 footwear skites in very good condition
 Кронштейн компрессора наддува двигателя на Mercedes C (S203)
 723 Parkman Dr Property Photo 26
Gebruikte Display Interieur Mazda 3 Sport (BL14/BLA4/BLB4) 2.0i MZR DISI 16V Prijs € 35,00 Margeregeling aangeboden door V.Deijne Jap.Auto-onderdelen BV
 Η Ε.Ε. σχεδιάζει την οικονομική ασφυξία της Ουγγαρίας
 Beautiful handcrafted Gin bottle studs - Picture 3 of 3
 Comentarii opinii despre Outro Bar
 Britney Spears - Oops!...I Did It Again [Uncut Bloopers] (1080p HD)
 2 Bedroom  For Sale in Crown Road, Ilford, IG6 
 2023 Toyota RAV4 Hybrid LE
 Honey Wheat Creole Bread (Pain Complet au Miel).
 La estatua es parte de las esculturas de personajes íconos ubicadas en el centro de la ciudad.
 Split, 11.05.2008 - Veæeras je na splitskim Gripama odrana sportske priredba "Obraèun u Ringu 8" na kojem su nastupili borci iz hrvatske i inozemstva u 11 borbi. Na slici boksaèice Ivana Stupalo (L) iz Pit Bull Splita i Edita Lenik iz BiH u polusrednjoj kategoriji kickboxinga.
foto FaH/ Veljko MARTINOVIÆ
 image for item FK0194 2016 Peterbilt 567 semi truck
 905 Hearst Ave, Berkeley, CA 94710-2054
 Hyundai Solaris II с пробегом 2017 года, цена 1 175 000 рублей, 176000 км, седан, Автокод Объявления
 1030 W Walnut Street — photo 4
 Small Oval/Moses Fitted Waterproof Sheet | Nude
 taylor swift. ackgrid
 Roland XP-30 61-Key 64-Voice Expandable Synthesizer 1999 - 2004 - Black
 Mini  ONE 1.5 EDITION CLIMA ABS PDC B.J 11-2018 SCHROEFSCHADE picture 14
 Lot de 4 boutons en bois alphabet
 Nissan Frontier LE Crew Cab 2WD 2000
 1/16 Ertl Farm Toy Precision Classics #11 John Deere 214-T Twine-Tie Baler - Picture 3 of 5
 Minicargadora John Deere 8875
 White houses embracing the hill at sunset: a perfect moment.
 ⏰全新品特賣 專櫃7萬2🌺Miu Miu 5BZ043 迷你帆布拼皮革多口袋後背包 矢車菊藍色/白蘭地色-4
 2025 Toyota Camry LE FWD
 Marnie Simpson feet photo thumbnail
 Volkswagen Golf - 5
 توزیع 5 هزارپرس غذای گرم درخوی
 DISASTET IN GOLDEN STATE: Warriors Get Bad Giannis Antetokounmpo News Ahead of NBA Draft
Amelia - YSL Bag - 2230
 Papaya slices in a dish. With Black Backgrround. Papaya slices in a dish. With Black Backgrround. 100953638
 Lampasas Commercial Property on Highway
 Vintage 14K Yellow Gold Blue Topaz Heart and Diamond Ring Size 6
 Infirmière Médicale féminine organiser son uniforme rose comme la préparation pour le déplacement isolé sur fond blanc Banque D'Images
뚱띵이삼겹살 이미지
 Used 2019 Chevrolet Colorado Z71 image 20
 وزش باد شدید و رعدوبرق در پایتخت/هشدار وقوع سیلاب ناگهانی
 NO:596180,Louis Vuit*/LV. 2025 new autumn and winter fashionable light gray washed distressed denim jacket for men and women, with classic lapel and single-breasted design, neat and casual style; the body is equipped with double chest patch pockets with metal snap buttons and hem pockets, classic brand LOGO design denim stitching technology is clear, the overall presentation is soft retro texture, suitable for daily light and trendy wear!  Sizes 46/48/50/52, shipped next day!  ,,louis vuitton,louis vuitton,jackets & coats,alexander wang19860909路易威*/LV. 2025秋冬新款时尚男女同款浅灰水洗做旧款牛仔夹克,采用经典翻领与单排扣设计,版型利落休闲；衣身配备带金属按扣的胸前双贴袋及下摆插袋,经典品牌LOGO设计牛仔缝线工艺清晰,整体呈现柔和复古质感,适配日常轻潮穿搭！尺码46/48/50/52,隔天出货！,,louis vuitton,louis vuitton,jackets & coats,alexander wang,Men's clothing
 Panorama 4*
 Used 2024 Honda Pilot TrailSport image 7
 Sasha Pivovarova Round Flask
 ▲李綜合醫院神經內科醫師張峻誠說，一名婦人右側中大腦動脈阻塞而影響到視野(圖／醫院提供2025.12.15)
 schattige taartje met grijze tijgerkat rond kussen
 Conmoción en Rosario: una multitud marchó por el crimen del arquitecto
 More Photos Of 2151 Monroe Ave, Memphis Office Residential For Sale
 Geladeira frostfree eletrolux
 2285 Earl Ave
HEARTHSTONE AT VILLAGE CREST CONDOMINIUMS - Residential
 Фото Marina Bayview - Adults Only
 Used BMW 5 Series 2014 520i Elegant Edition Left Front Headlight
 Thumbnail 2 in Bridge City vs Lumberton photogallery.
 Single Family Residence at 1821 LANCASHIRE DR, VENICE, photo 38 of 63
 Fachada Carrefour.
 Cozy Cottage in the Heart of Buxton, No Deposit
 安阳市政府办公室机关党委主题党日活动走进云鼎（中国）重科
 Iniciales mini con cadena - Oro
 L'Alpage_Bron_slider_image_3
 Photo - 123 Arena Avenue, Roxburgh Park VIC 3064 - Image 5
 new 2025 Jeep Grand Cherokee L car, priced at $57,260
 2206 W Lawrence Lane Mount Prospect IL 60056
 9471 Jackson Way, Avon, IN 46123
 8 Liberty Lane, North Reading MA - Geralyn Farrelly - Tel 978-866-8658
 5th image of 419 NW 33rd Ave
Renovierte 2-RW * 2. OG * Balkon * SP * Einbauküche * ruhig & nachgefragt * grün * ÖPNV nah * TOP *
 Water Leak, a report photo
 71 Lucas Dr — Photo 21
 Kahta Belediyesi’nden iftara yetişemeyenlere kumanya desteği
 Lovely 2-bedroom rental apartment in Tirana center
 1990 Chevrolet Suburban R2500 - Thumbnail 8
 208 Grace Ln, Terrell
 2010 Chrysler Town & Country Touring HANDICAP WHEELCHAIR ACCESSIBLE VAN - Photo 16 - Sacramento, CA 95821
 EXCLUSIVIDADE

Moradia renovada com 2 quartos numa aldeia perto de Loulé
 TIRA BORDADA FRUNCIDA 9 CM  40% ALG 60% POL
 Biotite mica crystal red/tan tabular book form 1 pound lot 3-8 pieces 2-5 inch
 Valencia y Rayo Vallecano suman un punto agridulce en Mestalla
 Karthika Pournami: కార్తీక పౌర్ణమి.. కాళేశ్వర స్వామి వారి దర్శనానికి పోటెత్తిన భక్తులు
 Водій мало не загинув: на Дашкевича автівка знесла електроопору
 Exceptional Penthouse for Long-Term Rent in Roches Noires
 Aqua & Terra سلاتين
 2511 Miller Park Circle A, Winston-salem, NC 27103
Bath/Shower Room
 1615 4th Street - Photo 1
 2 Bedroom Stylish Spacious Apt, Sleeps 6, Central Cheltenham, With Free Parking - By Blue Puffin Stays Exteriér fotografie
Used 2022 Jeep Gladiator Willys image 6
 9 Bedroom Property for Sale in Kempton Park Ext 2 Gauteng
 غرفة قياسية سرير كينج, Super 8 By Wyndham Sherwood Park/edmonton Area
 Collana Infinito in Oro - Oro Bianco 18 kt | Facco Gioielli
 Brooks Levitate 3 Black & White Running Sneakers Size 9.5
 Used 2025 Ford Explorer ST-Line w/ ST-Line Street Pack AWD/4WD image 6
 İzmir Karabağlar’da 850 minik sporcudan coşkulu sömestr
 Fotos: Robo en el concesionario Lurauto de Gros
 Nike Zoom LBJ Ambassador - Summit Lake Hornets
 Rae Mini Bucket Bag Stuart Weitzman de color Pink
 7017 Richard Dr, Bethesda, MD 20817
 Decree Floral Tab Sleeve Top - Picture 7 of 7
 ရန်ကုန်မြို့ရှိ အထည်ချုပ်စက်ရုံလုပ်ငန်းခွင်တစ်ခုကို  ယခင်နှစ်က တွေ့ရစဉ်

==========

• Task to carry out
In the listing above, find the line containing "Conmoción en Rosario: una" and the line containing "Фото Marina Bayview - Adults Only". Output them and every line between, exactly, and nothing else.

• Reply
 Conmoción en Rosario: una multitud marchó por el crimen del arquitecto
 More Photos Of 2151 Monroe Ave, Memphis Office Residential For Sale
 Geladeira frostfree eletrolux
 2285 Earl Ave
HEARTHSTONE AT VILLAGE CREST CONDOMINIUMS - Residential
 Фото Marina Bayview - Adults Only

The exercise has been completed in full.